A bit of both.

A player building a normal sized base (one large enough to hold crafting tables and storage for normal play) is probably never on their own going to affect server performance. There is ways for a player to cause issues on their own, but these are very extreme builds and usually involve someone using knowledge of such to cause server hits. In these cases its very rare and next to impossible for a player to accidently do this.

Now where you see servers that have hard limits there is a pretty decent reason for this. On PC for example, it isn’t uncommon for popular servers to have very strict limits. Thinks such as 200-300 building piece limits per player in a clan and so many placeables, etc. The reason for this is these servers will routinely see 80/80(10)+ players on at any given time during the day. When you have communities large enough to be full like that every hour in a 24 hour day. You don’t merely have 90 players on the server. You have closer to around 1500-2500 or more.

Unrestricted building in that case you will see the entire map could potentially have over 10,000,000 building pieces and placeables to go with. Those servers struggle badly and in many cases don’t even load up properly. So when you have large communities you need to cut that down drastically.

On Funcom servers its hard to say how many people actually play. Many players in PVE for example do serial refreshing, where they will go weeks or months without actively playing but continue to log in once a week to refresh their decay timers. So a server that barely has a dozen players during peak could easily have a community of several hundred players.

Where this really causes lag on the server side is when multiple people login. You may have heard that server FPS tanks around 20 players. But not many really understand why. If those 20 players were in a single area and there is only 5000 building pieces to load, the server FPS should be around max.

But if there is 5000 pieces on one side, another 5000 on another, and another and those 20 players are in each one. Not only is the server loading around 100,000 building pieces, but also around a dozen different locations. And those players’ actions have to be relayed to the others logged in or at least to adjacent areas. That’s where the computation starts taking a dive.

When you play in single player, you could probably build 100 different camps in different areas with each being around 10,000 pieces. And you know what? You wouldn’t see any lag. SP loads only the host’s (player) area and not the others. So it is very efficient compared to multiplayer (this has other issues such as meteors and such not spawning). You likely won’t see lag, even on console.

There is something else that contributes to lag. Players leaving bodies in game when they log out. Anecdotal evidence on this suggests it inflates the database by 2-3x is size as if it didn’t have this setting checked. Again this is something singleplayer doesn’t deal with. FC should really consider turning this setting OFF on PVE servers.

Now everything said is for server side.

Client side is a bit different. Client lag is only attributed by the local area and the hardware’s ability under the settings selected to show everything in the immediate area. I’ve seen buildings with 50-100k building pieces not phase even weaker PC hardware. I’d assume console is likewise unaffected here.

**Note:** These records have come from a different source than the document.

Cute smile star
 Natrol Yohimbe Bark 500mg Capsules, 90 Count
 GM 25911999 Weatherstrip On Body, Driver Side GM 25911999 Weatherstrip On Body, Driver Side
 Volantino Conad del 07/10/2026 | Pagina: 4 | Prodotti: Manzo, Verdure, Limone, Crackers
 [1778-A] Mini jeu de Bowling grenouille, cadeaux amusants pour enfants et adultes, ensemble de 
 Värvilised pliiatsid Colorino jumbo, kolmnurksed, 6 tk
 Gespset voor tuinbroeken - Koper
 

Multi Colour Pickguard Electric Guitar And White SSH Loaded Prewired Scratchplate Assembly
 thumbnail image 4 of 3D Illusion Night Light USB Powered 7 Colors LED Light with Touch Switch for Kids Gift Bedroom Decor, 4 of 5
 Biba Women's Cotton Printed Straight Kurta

What is affected is placeables. These have loads and loads of geometry to load compared to buildings, and they are frequently loading dozens and dozens of different types. Whereas a foundation used 1000 times doesn’t have too much effect outside of geometry count (and what the GPU has to show), it should simply be instanced in ram for every other feature attributed to it.

The real taxing one is those placeables with animations and those with both animations and lighting causing shadows. Hence why torches are recommended to be used sparingly, and if one has to light an area, to prefer using radium (as they have no animation attached). While they won’t use much ram or resources in themselves, their effects are unique per torch and it can bog down a system in short order if overused.

Unfortunately testing both things in singleplayer will get very skewed results. Need a live server to really get some decent testing in. And even then, doing it by yourself is not easy. Having built structures of 50k+ and more… even with creative that can take a long long time. And you really need to hit the million mark to really see affects on servers.

Its better to try and get a hold of a used database that had high traffic to really see what effects things have. I’ve personally not been able to lag a server by simply building using normal buildings.

But building a line of foundations from one end of the map to the other, and have enough people logged in to keep the whole line loaded in at once… and you’ll see something. Don’t do this on any live server that isn’t your own. Its a fast way to get banned otherwise.